Ursula Bagdasarjanz - CD Reviews

CD Reviews

The Strad, August 2009, by Julian Haylock.
Recordings by the legendary violinist Ursula Bagdasarjanz (b. 1934) are much prized by contemporary collectors, most especially her 1961 cycle of Othmar Schoeck's complete music for violin and piano with the composer's gifted daughter Gisela (Gallo CD-1249). The second volume in a reissue of these classic radio tapes features the op.22 variations an the op.16 and 46 sonatas in performances so authoritative and responsive to the music's remote idiom (think Hindemith with added warmth and charm) that it is impossible to imagine them ever being superseded. The mono recordings have been transferred most expertly, with plenty of body to the sound and a smooth treble response.

Fanfare Magazine, 6 August 2010, by Adrian Corleonis.
Ursula Bagdasarjanz: Schoeck Violin Sonatas on Gallo
Classical Reviews – Composers & Works
Chez Bagdasarjanz and Gisela Schoeck, the first sonata's lyricism and crackling high spirits awaken to sheer vivacity; the second's rumination's and eeriness acquire a mordant and suddenly compelling conviction, lifting both works into a dimension only half-heartedly hinted at in other readings. The early 1905 sonata without opus number takes on a heretofore unexpected charm. Rescued from Swiss radio tapes made in 1961, Gallo's sound is close, well balanced, and detailed.
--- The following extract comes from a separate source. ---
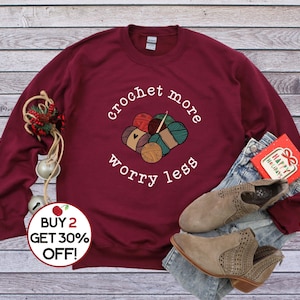 May include: A maroon sweatshirt with the text "crochet more worry less" and a graphic of yarn balls and a crochet hook. The text "BUY 2 GET 30% OFF!" is on a red circle sticker.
A companion issue featuring Bagdasarjanz performing Schoeck's Violin Concerto with the Lugano Radio Symphony (Gallo CD-1250) exhibits a similar nuance-rife fluency, while one hopes that more tapes of Gisela Schoeck will surface - her brilliance and swagger through the sonatas make one avid to hear her again in any repertoire. Enthusiastically recommended. – Adrian Corleonis

Fanfare Magazine, 6 October 2010, by Adrian Corleonis.
Departments - Want List
Accompanying the volatile, inspired violinistics of Ursula Bagdasarjanz, Gisela Schoeck animates her father’s violin sonatas with an expressive flair beside which even the most sympathetic performances of all other would-be interpreters seem stodgy, academic. These artifacts raise the question once again, If one has heard a work only in competently clueless, professionally respectable performances, has one really heard it?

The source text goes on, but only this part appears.